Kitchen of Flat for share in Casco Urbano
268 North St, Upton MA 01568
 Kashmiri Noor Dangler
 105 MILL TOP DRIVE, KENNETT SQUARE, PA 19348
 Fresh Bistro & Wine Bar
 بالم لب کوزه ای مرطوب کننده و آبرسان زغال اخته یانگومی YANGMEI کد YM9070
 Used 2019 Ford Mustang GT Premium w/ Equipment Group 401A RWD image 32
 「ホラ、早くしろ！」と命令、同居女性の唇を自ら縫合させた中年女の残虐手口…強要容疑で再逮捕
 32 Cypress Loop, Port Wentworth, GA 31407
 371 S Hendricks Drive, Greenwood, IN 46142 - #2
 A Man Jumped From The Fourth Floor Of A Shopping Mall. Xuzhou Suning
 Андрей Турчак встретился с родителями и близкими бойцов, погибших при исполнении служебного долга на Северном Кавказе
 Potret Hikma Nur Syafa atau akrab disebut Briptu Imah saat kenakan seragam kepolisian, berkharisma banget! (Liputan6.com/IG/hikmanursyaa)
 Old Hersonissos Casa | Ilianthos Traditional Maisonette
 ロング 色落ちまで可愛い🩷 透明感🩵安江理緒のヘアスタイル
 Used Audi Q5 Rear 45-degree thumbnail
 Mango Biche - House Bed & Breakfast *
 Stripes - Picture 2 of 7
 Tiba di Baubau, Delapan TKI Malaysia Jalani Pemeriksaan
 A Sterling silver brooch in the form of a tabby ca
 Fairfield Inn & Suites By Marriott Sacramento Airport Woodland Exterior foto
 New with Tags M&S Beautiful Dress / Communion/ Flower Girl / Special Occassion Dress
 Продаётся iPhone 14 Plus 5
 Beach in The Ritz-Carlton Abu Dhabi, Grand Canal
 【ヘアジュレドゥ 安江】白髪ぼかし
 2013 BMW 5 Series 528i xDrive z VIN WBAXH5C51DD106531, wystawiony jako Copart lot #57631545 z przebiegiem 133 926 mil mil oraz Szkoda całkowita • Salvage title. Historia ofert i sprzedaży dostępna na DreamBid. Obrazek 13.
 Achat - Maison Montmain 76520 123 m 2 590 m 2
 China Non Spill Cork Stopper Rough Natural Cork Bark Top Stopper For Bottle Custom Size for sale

- _Problem_
Return every line from the records above that holds the word "Used".

- _Written answer_
 Used 2019 Ford Mustang GT Premium w/ Equipment Group 401A RWD image 32
 Used Audi Q5 Rear 45-degree thumbnail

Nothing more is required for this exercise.